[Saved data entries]
● ● ● ●
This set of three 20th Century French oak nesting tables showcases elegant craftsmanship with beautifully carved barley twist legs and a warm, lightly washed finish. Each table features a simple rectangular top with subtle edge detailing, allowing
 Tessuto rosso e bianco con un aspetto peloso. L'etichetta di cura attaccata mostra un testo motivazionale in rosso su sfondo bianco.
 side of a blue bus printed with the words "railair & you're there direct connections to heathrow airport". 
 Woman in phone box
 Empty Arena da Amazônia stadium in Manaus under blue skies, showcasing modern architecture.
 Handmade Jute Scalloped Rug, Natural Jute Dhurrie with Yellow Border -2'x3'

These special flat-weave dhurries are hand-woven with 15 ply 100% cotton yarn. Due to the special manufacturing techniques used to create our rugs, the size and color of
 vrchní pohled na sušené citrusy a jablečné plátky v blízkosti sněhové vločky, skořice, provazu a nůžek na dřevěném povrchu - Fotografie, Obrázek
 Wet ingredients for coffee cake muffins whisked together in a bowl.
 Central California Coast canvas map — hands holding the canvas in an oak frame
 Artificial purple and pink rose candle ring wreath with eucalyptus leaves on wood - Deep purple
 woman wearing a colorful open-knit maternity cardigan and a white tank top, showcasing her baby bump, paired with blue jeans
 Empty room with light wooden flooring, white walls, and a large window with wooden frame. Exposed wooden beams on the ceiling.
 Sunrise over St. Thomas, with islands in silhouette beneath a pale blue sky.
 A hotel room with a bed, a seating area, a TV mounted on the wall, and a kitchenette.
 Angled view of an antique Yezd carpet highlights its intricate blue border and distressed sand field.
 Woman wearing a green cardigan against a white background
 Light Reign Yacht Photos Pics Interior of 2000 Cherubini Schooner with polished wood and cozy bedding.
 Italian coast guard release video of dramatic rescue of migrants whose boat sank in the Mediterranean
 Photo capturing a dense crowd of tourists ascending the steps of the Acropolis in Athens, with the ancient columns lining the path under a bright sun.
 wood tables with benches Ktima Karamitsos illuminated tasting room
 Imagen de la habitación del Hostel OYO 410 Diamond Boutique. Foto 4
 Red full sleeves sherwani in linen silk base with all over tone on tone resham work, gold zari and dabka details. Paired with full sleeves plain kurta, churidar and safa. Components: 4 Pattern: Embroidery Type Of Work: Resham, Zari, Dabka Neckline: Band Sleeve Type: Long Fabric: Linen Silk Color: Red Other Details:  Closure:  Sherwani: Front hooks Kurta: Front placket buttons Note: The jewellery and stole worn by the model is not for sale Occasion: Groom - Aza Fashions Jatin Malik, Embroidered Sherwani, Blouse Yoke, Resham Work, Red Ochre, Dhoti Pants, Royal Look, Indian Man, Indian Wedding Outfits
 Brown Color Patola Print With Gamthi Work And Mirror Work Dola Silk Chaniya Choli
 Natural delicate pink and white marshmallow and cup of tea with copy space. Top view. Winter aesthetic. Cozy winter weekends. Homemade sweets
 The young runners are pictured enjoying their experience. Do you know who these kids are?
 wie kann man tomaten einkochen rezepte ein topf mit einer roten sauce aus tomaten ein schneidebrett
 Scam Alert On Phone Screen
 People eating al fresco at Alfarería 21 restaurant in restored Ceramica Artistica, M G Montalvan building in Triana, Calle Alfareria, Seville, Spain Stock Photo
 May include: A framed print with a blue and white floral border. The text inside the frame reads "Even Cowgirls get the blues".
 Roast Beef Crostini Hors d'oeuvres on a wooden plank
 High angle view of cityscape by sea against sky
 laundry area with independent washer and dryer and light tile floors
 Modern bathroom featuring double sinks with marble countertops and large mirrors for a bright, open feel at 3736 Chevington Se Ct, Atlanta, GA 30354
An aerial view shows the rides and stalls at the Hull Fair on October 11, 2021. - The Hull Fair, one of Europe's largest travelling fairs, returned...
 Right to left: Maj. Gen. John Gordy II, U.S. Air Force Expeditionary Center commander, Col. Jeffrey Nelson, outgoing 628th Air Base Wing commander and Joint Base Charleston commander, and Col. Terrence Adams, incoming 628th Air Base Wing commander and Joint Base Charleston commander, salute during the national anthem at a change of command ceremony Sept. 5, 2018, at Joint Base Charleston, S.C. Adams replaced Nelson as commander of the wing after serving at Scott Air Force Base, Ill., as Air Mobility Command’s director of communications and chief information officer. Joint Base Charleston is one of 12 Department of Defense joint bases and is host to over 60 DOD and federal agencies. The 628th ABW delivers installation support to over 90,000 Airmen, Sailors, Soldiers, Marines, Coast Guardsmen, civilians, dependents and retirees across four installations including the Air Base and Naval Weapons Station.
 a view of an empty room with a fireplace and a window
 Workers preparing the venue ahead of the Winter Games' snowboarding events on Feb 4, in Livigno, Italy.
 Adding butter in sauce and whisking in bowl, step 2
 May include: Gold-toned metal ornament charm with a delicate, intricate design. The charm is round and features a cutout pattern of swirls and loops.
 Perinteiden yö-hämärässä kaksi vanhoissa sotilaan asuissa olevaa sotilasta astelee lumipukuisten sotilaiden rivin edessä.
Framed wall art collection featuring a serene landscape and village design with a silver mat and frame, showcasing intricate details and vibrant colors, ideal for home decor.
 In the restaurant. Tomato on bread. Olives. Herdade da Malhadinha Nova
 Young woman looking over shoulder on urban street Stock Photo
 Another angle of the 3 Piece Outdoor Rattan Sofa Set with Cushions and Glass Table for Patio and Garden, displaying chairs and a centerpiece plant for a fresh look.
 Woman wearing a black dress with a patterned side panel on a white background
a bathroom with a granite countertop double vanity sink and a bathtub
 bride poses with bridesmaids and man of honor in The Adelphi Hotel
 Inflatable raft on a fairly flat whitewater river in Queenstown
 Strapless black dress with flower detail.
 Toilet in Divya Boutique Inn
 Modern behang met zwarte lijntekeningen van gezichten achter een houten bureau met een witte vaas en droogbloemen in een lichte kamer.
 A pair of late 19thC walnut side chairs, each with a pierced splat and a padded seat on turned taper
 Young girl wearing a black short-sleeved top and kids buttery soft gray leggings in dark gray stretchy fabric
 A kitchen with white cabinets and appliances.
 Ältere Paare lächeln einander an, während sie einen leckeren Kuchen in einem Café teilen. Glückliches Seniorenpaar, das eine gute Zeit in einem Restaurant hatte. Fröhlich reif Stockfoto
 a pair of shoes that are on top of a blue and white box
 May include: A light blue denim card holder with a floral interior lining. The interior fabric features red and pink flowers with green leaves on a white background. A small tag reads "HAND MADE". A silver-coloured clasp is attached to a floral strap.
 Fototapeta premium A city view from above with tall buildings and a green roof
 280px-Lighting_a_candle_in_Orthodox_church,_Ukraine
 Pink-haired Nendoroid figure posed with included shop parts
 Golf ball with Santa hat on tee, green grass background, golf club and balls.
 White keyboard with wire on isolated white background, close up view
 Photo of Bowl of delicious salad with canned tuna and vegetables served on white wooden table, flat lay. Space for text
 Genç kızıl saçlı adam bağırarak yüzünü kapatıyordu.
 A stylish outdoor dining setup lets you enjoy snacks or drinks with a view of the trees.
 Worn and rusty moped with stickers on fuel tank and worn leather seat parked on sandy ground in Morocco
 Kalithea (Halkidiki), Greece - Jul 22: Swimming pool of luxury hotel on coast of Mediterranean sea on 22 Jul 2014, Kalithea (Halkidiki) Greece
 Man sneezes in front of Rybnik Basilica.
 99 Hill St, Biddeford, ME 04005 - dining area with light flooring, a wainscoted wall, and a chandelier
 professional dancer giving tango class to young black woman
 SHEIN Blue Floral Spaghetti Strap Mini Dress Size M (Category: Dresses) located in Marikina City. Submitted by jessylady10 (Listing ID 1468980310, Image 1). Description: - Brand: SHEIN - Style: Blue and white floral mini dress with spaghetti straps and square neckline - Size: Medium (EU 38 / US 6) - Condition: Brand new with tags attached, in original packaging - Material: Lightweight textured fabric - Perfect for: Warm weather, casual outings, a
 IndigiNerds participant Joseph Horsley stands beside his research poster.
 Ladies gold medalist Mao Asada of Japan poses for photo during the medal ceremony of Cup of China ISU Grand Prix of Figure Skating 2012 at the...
● ● ● ●
- _TASK DESCRIPTION_
In the records above, find every line containing the word "view" and show it.

- _RESULT OF THIS TASK_
 Angled view of an antique Yezd carpet highlights its intricate blue border and distressed sand field.
 Natural delicate pink and white marshmallow and cup of tea with copy space. Top view. Winter aesthetic. Cozy winter weekends. Homemade sweets
 High angle view of cityscape by sea against sky
An aerial view shows the rides and stalls at the Hull Fair on October 11, 2021. - The Hull Fair, one of Europe's largest travelling fairs, returned...
 a view of an empty room with a fireplace and a window
 Fototapeta premium A city view from above with tall buildings and a green roof
 White keyboard with wire on isolated white background, close up view
 A stylish outdoor dining setup lets you enjoy snacks or drinks with a view of the trees.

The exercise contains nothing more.